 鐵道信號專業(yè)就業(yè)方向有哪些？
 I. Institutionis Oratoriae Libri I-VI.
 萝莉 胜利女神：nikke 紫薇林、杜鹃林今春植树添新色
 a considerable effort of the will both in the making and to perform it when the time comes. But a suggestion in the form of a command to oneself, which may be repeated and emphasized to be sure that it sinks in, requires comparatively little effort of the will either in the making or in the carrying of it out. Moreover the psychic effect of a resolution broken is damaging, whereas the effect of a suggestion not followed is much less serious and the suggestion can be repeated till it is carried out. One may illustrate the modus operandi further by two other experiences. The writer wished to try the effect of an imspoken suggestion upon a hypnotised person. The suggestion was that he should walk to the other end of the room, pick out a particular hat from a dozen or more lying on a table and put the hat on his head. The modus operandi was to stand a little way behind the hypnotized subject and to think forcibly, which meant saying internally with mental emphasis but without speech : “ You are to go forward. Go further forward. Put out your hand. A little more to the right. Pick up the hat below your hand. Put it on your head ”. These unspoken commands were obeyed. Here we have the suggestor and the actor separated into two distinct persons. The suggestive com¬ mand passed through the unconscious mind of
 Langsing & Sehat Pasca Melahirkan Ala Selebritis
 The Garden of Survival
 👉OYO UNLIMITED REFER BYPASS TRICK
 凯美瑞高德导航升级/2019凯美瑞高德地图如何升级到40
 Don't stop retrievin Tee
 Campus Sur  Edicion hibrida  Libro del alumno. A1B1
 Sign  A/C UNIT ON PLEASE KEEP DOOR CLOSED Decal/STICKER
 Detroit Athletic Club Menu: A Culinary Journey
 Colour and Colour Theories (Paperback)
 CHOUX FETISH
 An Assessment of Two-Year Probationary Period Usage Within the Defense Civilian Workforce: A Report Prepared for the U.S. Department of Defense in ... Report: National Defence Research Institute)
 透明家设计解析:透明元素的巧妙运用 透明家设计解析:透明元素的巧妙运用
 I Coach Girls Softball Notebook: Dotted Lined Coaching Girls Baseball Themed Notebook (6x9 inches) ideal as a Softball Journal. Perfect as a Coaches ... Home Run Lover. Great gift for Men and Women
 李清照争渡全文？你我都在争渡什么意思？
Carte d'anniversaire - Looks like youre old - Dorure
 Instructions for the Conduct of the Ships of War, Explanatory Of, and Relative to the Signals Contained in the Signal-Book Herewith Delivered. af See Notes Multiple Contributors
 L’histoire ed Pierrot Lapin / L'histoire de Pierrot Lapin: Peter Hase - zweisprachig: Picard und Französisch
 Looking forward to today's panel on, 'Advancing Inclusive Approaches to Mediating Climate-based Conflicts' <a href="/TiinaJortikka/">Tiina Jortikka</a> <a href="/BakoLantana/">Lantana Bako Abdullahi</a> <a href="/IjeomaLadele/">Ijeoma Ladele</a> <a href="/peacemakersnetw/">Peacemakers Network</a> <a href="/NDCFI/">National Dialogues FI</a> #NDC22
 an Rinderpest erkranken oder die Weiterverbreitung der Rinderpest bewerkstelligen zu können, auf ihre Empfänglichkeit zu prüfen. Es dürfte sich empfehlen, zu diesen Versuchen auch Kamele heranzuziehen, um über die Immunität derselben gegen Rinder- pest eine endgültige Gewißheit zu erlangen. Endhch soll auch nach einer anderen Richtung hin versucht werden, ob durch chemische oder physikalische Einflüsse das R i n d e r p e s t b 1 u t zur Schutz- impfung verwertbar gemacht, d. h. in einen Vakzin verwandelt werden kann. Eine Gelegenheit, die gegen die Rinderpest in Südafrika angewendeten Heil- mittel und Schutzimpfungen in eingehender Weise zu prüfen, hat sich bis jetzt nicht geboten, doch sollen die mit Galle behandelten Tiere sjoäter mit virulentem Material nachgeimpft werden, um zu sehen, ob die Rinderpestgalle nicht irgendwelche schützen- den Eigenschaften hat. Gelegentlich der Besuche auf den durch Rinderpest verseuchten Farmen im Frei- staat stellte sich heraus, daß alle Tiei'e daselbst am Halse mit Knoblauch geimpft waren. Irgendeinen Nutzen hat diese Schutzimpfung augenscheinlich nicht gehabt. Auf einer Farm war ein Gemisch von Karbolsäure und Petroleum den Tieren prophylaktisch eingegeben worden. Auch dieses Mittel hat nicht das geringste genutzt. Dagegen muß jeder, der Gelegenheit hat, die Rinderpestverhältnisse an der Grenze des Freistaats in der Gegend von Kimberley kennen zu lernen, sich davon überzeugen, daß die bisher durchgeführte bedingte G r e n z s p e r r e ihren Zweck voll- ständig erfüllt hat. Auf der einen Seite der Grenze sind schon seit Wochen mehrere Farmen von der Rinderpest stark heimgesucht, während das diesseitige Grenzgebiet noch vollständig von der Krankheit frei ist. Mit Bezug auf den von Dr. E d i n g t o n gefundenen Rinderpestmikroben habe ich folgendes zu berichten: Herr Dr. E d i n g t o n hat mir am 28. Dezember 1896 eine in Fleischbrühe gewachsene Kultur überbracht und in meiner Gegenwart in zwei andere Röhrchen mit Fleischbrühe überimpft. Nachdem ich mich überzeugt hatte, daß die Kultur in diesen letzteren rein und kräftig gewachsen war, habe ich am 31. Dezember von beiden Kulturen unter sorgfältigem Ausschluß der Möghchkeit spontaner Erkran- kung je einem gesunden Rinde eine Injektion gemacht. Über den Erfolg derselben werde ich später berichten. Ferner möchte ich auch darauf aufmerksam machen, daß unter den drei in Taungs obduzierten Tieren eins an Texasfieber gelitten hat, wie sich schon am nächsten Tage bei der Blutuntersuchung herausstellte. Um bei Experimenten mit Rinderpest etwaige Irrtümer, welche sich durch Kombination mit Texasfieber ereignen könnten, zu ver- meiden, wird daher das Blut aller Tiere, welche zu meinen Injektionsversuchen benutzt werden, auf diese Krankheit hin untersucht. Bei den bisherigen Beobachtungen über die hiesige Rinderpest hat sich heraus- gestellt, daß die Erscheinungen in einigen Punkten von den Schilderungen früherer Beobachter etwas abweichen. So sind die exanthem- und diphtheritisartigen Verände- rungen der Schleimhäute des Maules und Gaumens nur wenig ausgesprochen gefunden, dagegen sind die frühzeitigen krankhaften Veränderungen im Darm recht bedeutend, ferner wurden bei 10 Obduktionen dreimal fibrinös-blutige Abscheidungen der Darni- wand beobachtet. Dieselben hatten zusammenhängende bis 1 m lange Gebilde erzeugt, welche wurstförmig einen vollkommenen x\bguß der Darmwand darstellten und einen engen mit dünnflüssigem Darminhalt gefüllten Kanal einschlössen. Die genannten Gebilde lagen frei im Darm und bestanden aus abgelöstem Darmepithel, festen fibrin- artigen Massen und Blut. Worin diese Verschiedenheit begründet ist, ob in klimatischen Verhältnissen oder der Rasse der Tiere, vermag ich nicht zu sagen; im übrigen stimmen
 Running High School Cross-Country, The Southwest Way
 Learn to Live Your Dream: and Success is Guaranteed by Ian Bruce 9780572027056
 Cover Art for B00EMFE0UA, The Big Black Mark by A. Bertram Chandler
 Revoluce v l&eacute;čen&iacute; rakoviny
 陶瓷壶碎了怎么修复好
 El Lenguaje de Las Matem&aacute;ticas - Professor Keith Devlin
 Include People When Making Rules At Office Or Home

————

WHAT YOU WILL DO: Each line in the data where the string "Home" occurs should be identified and copied.

RESULT FOR THIS EXERCISE:
 I Coach Girls Softball Notebook: Dotted Lined Coaching Girls Baseball Themed Notebook (6x9 inches) ideal as a Softball Journal. Perfect as a Coaches ... Home Run Lover. Great gift for Men and Women
 Include People When Making Rules At Office Or Home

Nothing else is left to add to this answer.